The Negro Speaks of Rivers
What parents need to know
Parents Need to Know
Parents need to know that this presentation of Langston Hughes' famous poem received the 2010 Coretta Scott King Honor for illustrations.
What's the story?
This short poem by Langston Hughes was considered to be the "song of the Harlem Renaissance." Using the river as its primary symbol, it captures the history of African-American people from ancient times to today, and celebrates their courage and strength. Illustrator E.B. Lewis has created watercolors that bring the lines of the poem to life and make them accessible, and even more meaningful, to readers of all ages.
Is it any good?
This is a beautiful illustration of Hughes' classic poem, and one that will help all readers, but especially kids, understand the words that Langston Hughes wrote. The poem is moving, both real and spiritual, and the watercolors are breathtaking. The illustrator's note on the final page explains his own connection to the poem and the paintings, and adds a further element of meaning to the book. And, to show the depth of his connection, he has depicted himself as the person who is praying while being embraced by the river.
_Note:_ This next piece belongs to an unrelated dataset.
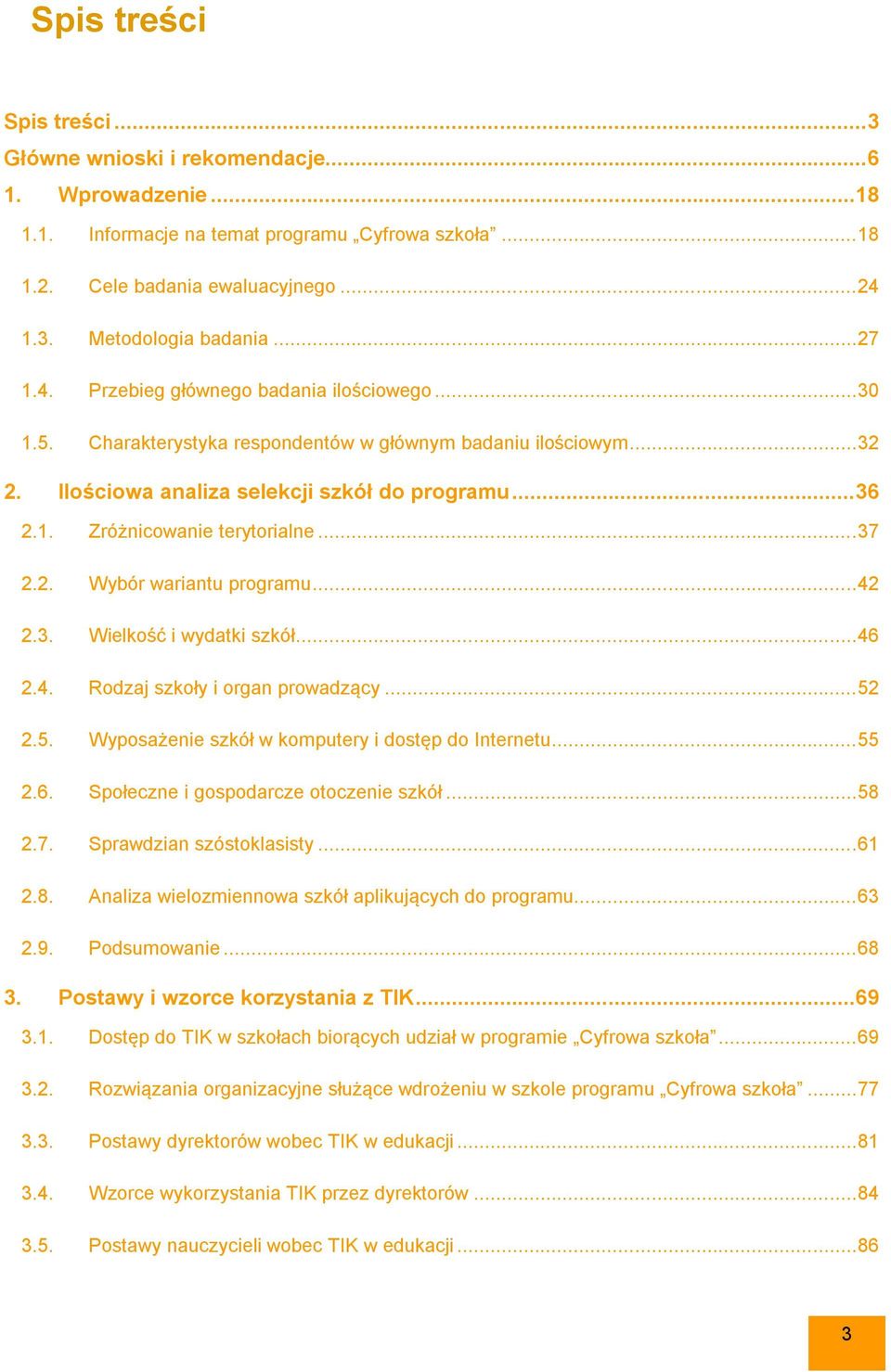 .. 37 2.2. Wybór wariantu programu... 42 2.3. Wielkość i wydatki szkół... 46 2.4. Rodzaj szkoły i organ prowadzący... 52 2.5. Wyposażenie szkół w komputery i dostęp do Internetu... 55 2.6. Społeczne i gospodarcze otoczenie szkół.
Sensitive, moving watercolors bring amazing depth and meaning to the lines of the poem that are printed against the various river scenes. Spanning the stretch of time from before the pyramids to the modern day, some paintings are dark, others filled with light, but all with the delicate kind of strength that Langston Hughes expressed in his words.
Families can talk about...
Families can talk about what the poem means. Why is the river like the ancient history of the African-American culture? What are all the different places the river has flowed? What does the poem mean when it says "My soul has grown deep like the rivers?"
Why are watercolors the perfect art medium for illustrating this poem? Look at each painting and talk about the place, the people, and the play of light and dark in the scene. What is that saying to you?
Would you have illustrated this poem differently? What kinds of things do you think of as you read the lines?